In a second step, we aimed to increase the PPV to more than 85%, while still including a maximum of possible AMI patients. For this approach, we calculated the PPV, sensitivity, specificity false and true positive patients (FP, TP) for different algorithms: 1) Different baseline hs-TnI concentrations were investigated. Here, cutoff concentrations of 3, 6, 9, 12, 15, 20, 27, 52, 100, 150, 200, 1.000 and 2.000 ng/L were based on prior publications and aimed to be integer numbers.[13,15] 2) The baseline hs-TnI concentration with a PPV of more than 85% was used in combination with different absolute hs-TnI changes from admission to 1 hour. 3) Again, the baseline hs-TnI concentration with a PPV of more than 85% was used and combined with a 0/1h hour change and the information of an ischemic ECG.
Statistics
Continuous variables are described by its quartiles, categorical variables, by its absolute and relative frequencies. The different algorithms were based on the hs-TnI measurements (at admission or 1 hour or 3 hours later) and their differences, or deltas, from admission to either 1 hour or 3 hours later. Absolute and relative differences were considered. The absolute difference from admission until 1 hour later is defined as |hs-TnI 1h –hs-TnI 0h| and the relative difference with respect to the admission value is defined as 100 × |hs-TnI 1h –hs-TnI 0h|/(hs-TnI 0h), where || denotes the absolute value function. 3-hour deltas are defined in a similar fashion (exchanging hs-TnI 1h by hs-TnI 3h). For the diagnostic tests considered sensitivity, specificity and PPV were computed. For all these quantities 95% exact binomial confidence intervals were calculated. All analyses were performed using R version 3.3.0 (R Core Team (2016). R: A language and environment for statistical computing. R Foundation for Statistical Computing, Vienna, Austria. URL http://www.R-project.org/).
Results
Baseline characteristics
The baseline characteristics of the study population have been described before.[21] Briefly, we included 1,516 patients with suspected AMI. (Table 1) 291 patients were diagnosed with AMI. The median age of all patients was 65 (25th and 75th percentile 51.0,75.0) years and 63.7% were male. Cardiovascular risk factors were more common in AMI patients compared to the overall population.
Standard approach
Application of the standard 3-hours diagnostic algorithm (27 ng/L cutoff concentration and a relative 20% or 50% change 0/3 hours) resulted in a PPV of 85.5% (Confidence Interval [CI] 79.7, 90.1) to diagnose AMI. (Fig 1, S1 Table) This approach included 165 TP (efficacy 56.7%) and only 28 FP patients. Using the 1-hour ESC standard diagnostic approach (0h > 52 ng/L or 6 ng/L change) resulted in a PPV of 65.8% (CI 60.5,70.8) including 225 TP (efficacy 77.3%) and 117 FP patients.

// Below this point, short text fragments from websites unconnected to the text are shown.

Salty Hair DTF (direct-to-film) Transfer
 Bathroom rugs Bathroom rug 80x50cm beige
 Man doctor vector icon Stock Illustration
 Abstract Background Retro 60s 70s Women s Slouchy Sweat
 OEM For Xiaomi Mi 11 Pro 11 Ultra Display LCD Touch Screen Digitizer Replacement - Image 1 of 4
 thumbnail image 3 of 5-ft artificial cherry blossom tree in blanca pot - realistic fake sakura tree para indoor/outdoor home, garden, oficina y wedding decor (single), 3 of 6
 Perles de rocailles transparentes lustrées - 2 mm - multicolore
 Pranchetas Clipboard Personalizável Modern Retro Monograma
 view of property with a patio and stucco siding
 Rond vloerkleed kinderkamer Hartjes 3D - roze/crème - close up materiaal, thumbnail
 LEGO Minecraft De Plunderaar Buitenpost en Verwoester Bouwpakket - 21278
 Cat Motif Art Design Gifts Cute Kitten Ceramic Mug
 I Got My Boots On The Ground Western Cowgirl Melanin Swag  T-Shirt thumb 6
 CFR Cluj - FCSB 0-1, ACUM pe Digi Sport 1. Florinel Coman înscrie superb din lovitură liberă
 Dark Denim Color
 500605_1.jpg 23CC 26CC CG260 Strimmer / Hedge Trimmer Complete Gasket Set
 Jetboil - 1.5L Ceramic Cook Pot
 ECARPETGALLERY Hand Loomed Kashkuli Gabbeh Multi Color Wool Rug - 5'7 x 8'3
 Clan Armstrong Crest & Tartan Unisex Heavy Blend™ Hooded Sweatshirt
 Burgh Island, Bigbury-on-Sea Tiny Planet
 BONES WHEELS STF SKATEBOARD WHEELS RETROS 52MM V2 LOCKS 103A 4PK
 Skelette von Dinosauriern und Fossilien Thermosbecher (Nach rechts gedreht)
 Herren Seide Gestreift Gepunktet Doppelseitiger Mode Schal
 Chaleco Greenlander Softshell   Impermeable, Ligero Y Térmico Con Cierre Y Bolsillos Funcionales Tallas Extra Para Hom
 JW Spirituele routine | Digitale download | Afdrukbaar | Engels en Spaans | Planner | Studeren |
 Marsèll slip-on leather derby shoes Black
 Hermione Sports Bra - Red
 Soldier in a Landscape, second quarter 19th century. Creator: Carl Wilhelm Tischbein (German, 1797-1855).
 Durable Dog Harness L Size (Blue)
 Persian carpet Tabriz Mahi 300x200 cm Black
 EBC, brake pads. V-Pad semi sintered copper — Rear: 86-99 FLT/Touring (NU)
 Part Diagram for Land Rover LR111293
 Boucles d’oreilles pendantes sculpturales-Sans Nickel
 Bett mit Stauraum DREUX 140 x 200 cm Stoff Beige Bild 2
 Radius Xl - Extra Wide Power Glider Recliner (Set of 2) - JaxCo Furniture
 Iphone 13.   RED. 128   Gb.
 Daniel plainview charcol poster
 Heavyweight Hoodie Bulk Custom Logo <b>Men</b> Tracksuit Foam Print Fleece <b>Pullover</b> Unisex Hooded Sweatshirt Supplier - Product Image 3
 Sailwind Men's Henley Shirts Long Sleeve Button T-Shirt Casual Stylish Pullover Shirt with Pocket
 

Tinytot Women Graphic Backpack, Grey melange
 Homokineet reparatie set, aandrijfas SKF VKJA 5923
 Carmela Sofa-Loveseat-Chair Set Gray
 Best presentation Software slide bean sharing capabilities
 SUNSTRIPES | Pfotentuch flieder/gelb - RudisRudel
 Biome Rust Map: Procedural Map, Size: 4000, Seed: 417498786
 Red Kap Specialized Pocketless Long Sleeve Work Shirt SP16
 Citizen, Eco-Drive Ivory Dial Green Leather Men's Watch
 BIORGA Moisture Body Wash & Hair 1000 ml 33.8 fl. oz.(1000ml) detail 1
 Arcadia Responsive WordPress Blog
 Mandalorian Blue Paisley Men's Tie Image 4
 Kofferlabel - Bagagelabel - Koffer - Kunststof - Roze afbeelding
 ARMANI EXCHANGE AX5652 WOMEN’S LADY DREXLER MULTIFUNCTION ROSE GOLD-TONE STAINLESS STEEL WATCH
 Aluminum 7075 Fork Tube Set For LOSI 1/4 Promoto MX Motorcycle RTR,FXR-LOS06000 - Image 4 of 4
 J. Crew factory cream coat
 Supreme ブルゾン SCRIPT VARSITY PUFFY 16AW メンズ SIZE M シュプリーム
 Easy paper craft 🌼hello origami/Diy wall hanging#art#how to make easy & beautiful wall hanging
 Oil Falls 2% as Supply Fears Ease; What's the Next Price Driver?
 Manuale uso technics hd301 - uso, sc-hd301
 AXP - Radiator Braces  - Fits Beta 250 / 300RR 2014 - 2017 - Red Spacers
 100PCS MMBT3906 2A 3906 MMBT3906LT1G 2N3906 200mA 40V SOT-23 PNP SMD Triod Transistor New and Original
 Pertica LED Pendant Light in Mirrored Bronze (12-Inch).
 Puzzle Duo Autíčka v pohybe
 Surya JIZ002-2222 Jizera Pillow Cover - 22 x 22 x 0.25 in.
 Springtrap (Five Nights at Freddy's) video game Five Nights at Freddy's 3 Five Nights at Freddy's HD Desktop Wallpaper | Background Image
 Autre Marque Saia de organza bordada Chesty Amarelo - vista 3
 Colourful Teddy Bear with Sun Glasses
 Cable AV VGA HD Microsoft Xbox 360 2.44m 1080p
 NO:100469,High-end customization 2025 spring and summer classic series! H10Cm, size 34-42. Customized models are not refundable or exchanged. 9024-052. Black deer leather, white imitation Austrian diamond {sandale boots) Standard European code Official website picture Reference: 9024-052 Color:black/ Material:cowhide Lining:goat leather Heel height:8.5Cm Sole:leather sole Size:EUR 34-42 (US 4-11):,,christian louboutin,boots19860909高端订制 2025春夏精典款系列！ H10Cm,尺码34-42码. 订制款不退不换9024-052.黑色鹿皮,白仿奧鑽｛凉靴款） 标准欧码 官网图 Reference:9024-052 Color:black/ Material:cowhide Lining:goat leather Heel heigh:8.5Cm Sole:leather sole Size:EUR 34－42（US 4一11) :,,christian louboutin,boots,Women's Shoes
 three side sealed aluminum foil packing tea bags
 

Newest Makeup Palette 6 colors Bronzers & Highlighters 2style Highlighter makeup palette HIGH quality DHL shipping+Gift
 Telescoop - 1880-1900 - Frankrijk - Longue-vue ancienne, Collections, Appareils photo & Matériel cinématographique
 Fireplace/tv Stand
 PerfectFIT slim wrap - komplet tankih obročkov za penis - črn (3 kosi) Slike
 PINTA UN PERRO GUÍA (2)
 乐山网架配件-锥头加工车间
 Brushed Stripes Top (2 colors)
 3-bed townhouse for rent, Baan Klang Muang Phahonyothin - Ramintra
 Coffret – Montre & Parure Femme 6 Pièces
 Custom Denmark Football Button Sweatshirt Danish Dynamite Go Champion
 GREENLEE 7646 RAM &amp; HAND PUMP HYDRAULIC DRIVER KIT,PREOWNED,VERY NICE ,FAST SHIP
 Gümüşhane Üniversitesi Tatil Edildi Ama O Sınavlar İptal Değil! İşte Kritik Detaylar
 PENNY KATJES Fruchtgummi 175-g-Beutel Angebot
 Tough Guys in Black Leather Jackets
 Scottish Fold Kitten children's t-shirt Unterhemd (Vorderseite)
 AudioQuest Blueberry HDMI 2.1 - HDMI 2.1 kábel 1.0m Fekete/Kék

Baseline measurement to diagnose AMI
Different baseline hs-TnI concentrations were used to calculate the PPV to diagnose AMI. (Table 2) Application of a low baseline concentration of 3 ng/L resulted in a PPV of 25.5% (CI 23.0,28.2). Using a cutoff concentration at 27 ng/L (99th percentile) or at 52 ng/L (recommended in ESC guideline) translated to a PPV of 65.4% (CI 59.5,70.9) and 73.8% (CI 67.2,79.7), respectively. A PPV of 87.8% (CI 80.9,92.9), which is above the targeted 85% PPV, was observed at a cutoff concentration of 150 ng/L. This included 115 TP (efficacy 39.5%) and 16 FP patients.
Absolute hs-TnI changes after 1 hour
In order to still include a baseline approach, the absolute hs-TnI changes were combined with a baseline hs-TnI concentration of 150 ng/L using an “or” criterion. An absolute change of hs-TnI > 6 ng/L from admission to 1 hour resulted in a PPV of 67.7% (CI 62.3,72.8) for AMI. (Table 3) With increasing absolute changes the PPV showed a rapid increase, while the increase was less prominent for higher absolute changes. (S1 Fig) The targeted PPV of more than 85% was reached at a 20 ng/L absolute change. This translated to a PPV of 86.5% (CI 80.9,91.0) including 167 TP (efficacy 57.4%) and 26 FP patients.
Ischemic ECG
After addition of the information of an ischemic ECG the PPVs were higher, while the efficacy was reduced. An absolute change of hs-TnI > 6 ng/L from admission to 1 hour resulted in a PPV of 77.0% (CI 69.1,83.7) for AMI. (Table 4) Again, increasing absolute changes the PPV showed a rapid increase, while the increase was less strong for absolute changes above 10 ng/L. (S2 Fig) A PPV of more than 85% was reached at a 12 ng/L change (PPV 90.5%) and included 95 TP (efficacy 32.6%) and 10 FP patients.
Discussion
This study challenges the current 2015 ESC guideline recommendations on the rule-in of AMI patients and aims for a positive predictive value of more than 85%. Different early rule-in strategies were investigated. A high baseline concentration or an absolute change of high-sensitivity troponin I after only 1 hour resulted in a high positive predictive value.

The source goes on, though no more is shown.